TASK INSTRUCTIONS: Output only the lines that run from the line holding "Puerto de Manzanillo" to the end of the entries, both ends included, and skip the pictures.

### EXERCISE MATERIALS ###

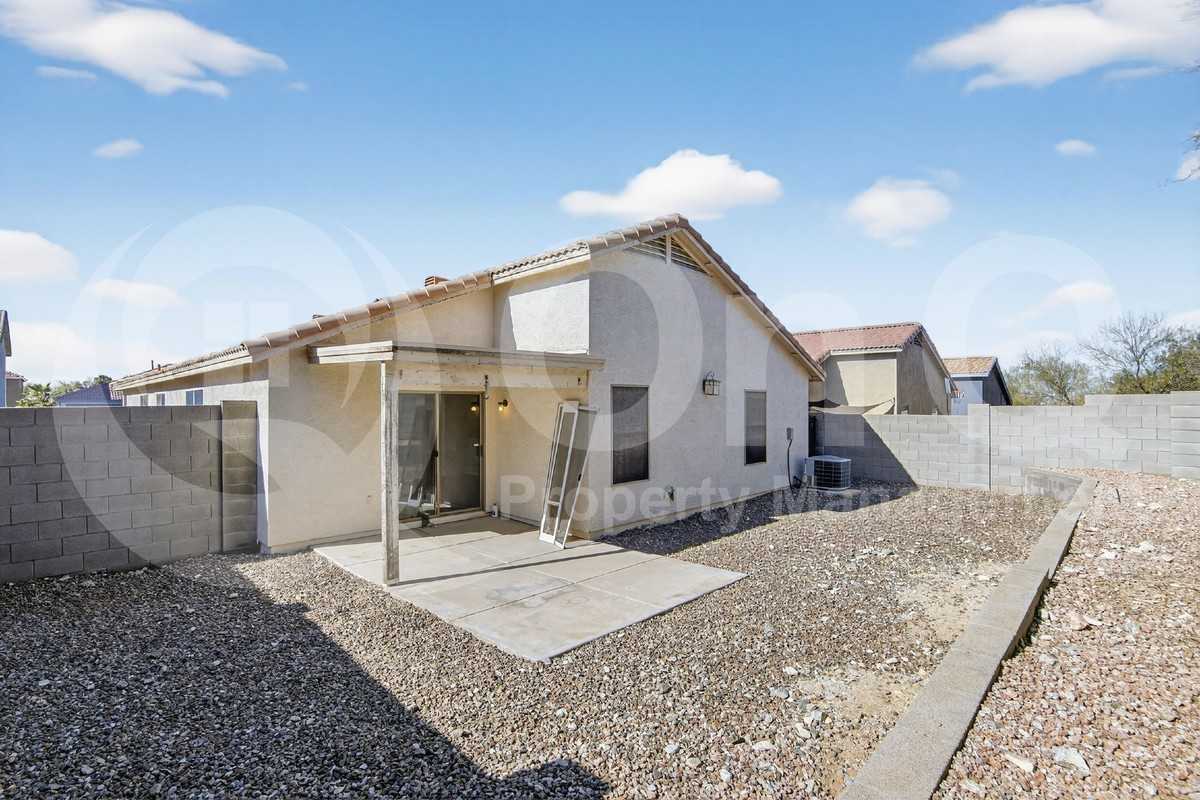 9221 S Leila Ln - Photo 6 of 42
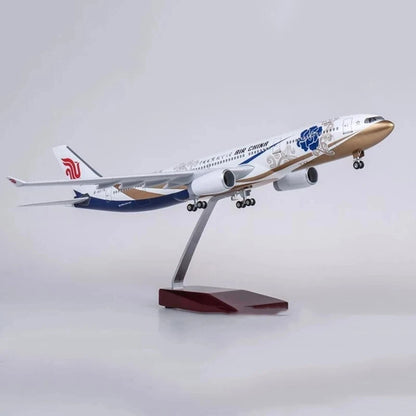 47CM 1:135 scale A330 model airline cheap toy game toy boy toy airplane metal scale airplane for indoor collection decoration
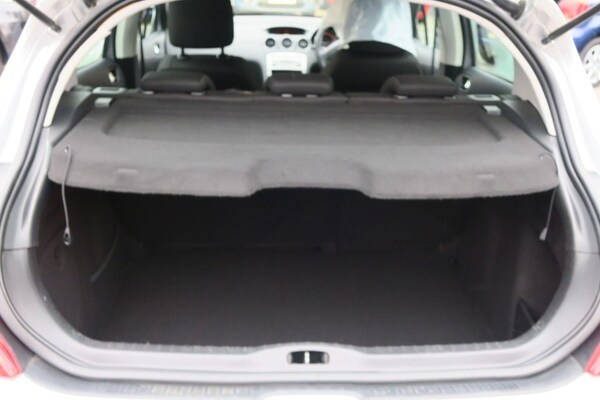Used Peugeot 308 2010 for sale - 76267027: Photo 16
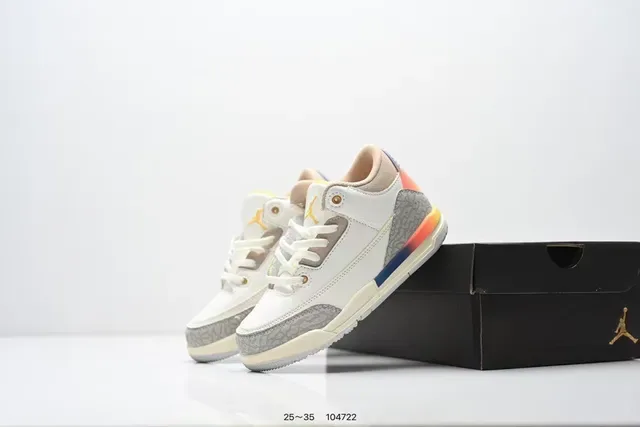 Zapatillas lifestyle Air Jordan 3 blanco cemento gris con estampado de elefante 10
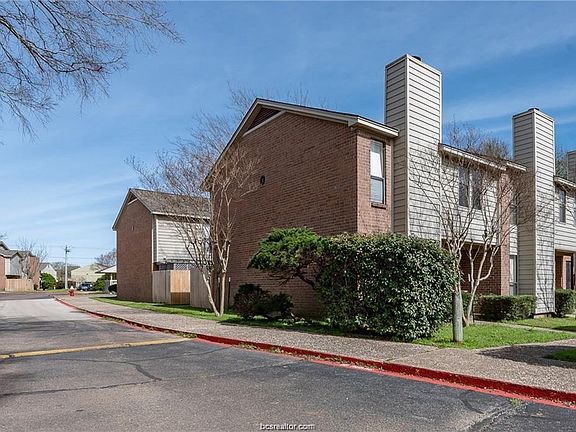 2nd image of 1904 Dartmouth St APT O1
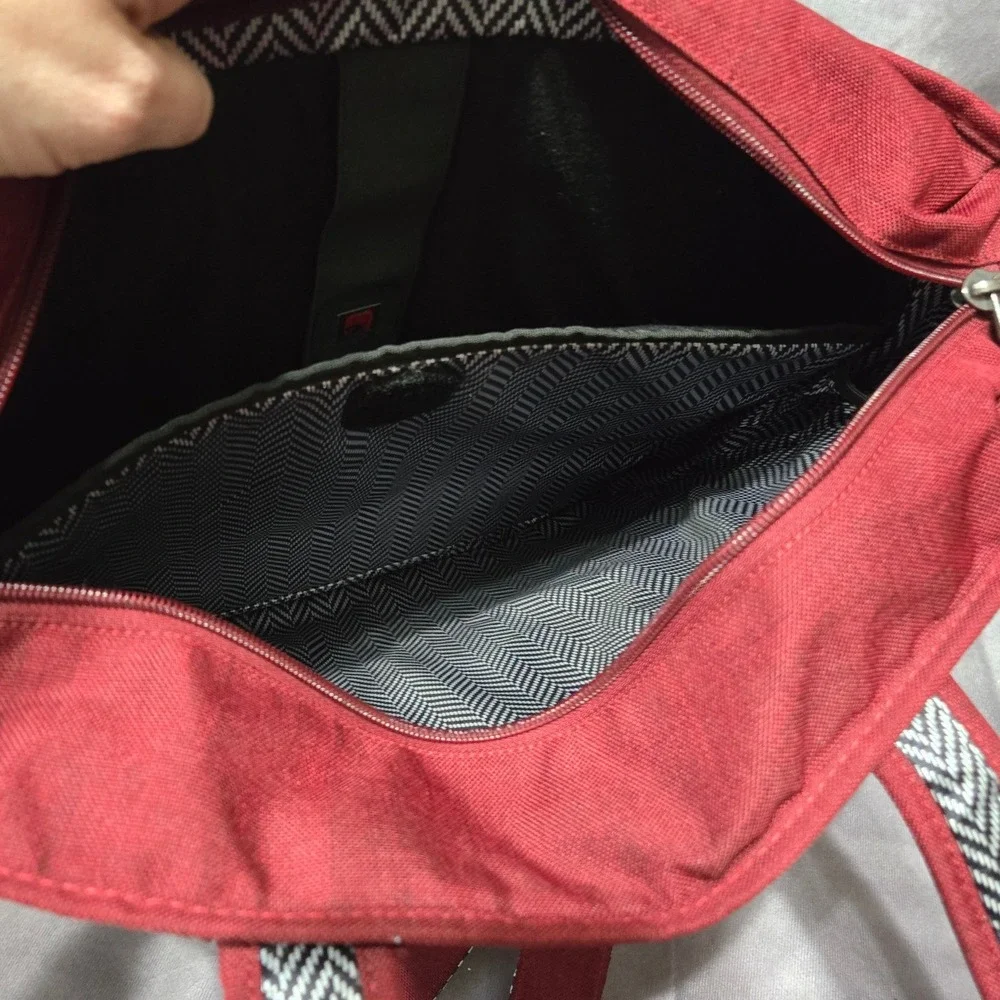 OGIO‎ Hamptons Tote Bag Padded Laptop Executive Travel Bag Garnet Red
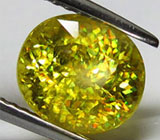 Роскошный золотистый сфен 3,09 карат 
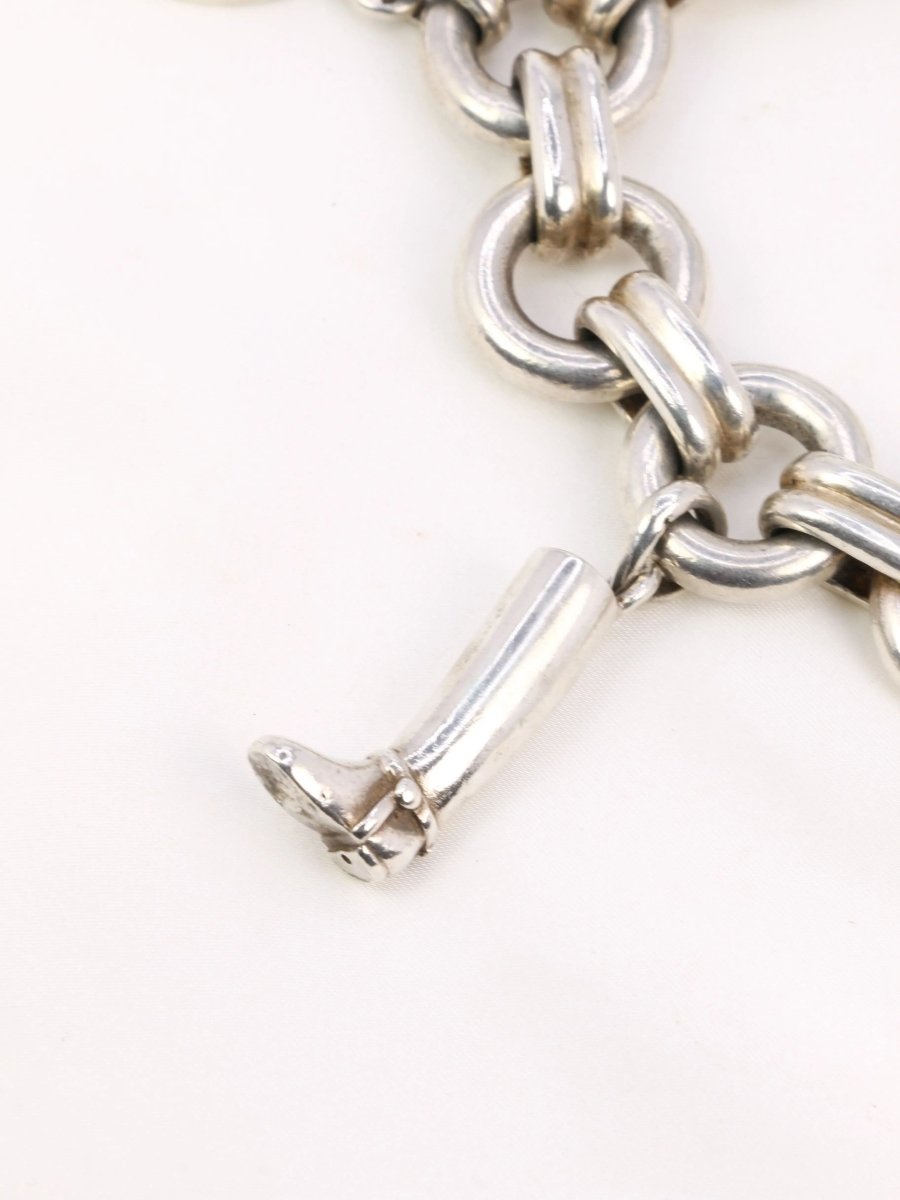 Gaétan de Percin (attribué à HERMES) Bracelet en argent et breloques thème hippique - Castafiore
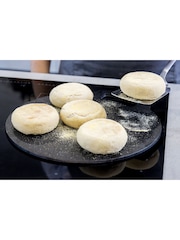 Kitchencraft Black Cast Iron Bread and Pizza Baking Stone - Image 7 of 7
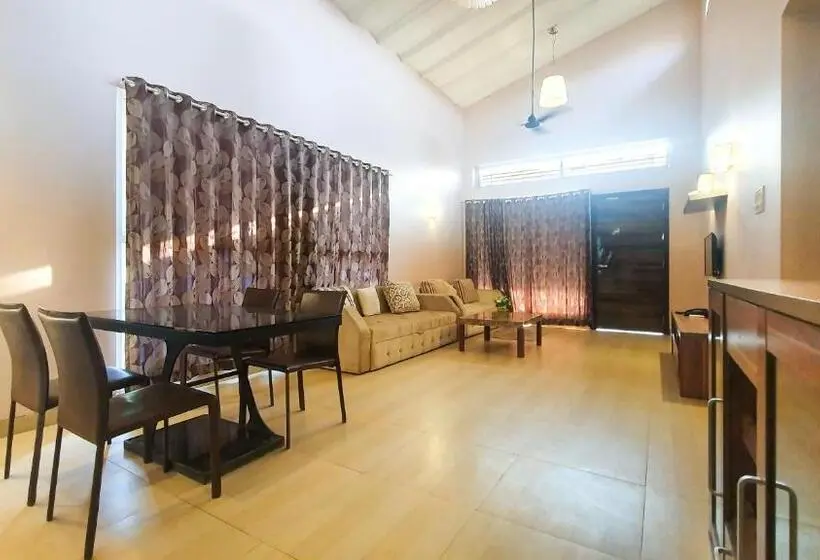 Villa 2 Makuuhuonetta, Rainforest Resort And Spa, Igatpuri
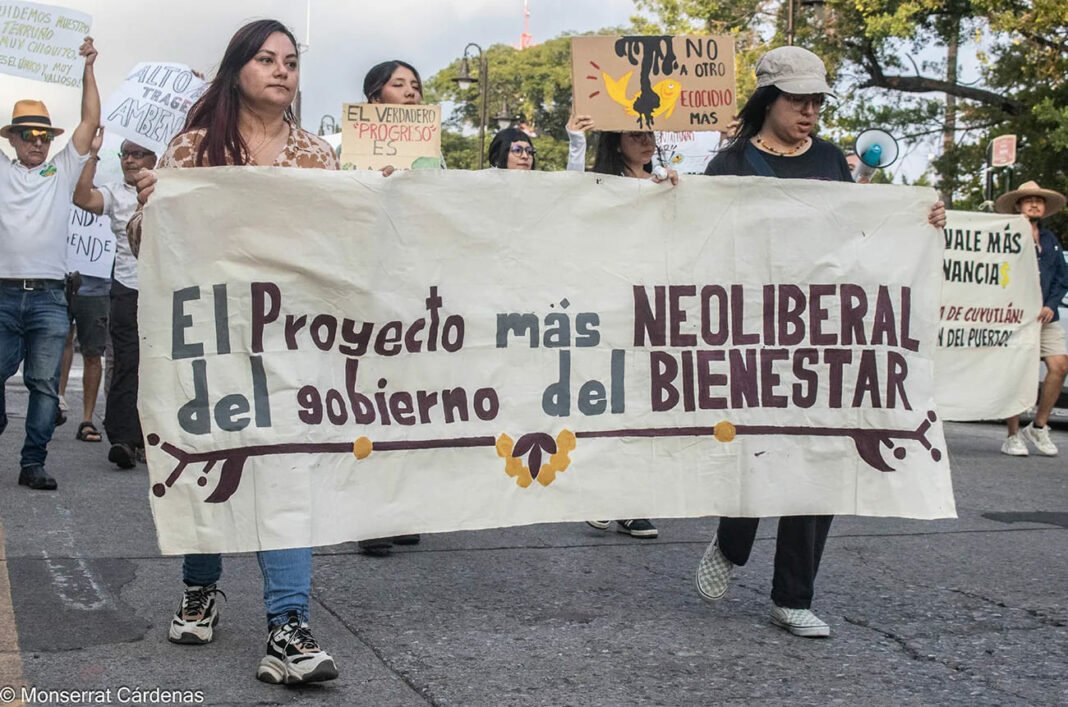 ¡Cuyutlán no te vamos a fallar!: Colimenses marchan contra proyecto de expansión del Puerto de Manzanillo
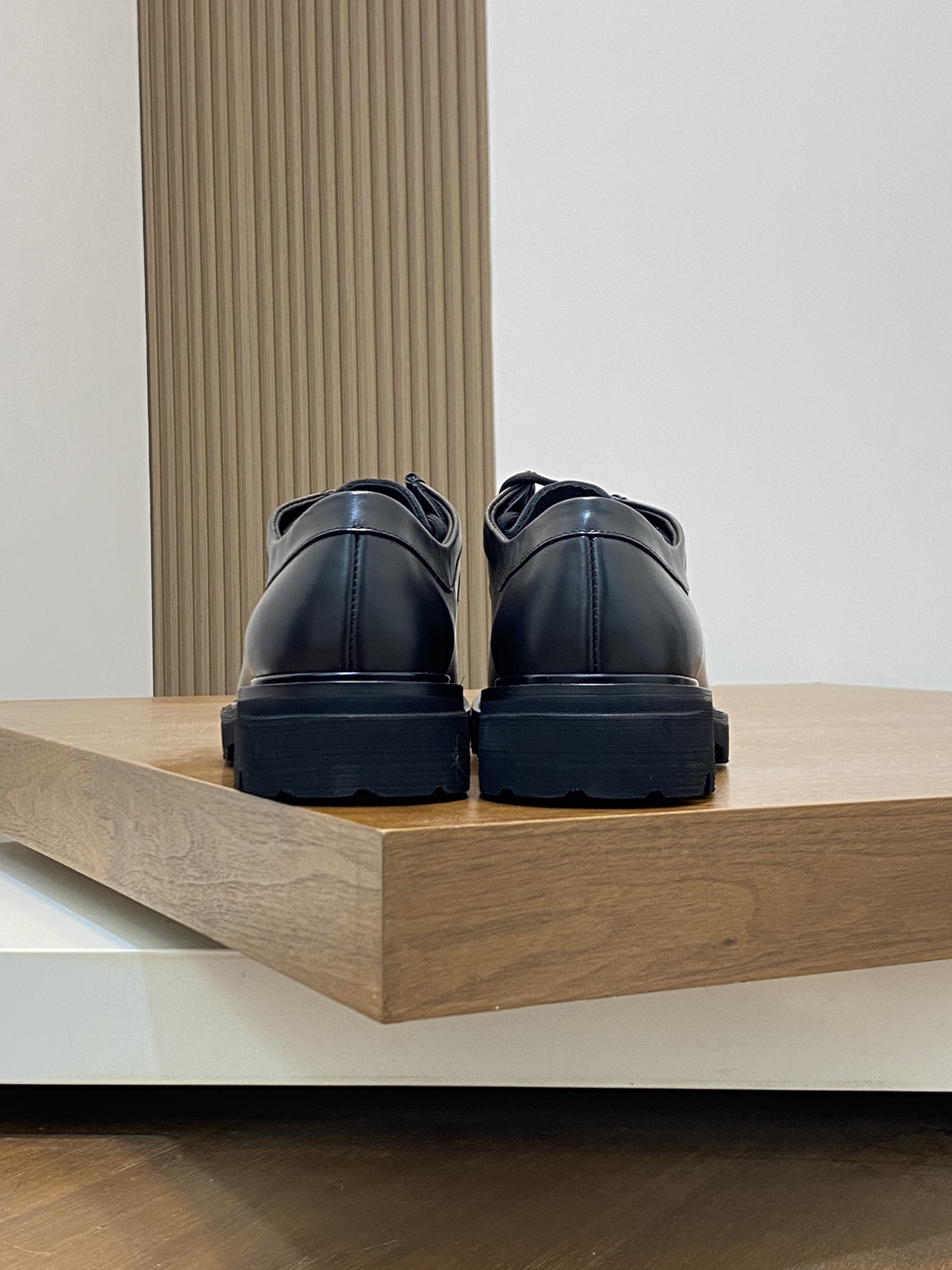 [Ferragamo] zapatos de hombre, de alta calidad, artículos de primera, parte superior de piel de vaca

###

SOLUTION TO THE PROBLEM:
 ¡Cuyutlán no te vamos a fallar!: Colimenses marchan contra proyecto de expansión del Puerto de Manzanillo
 [Ferragamo] zapatos de hombre, de alta calidad, artículos de primera, parte superior de piel de vaca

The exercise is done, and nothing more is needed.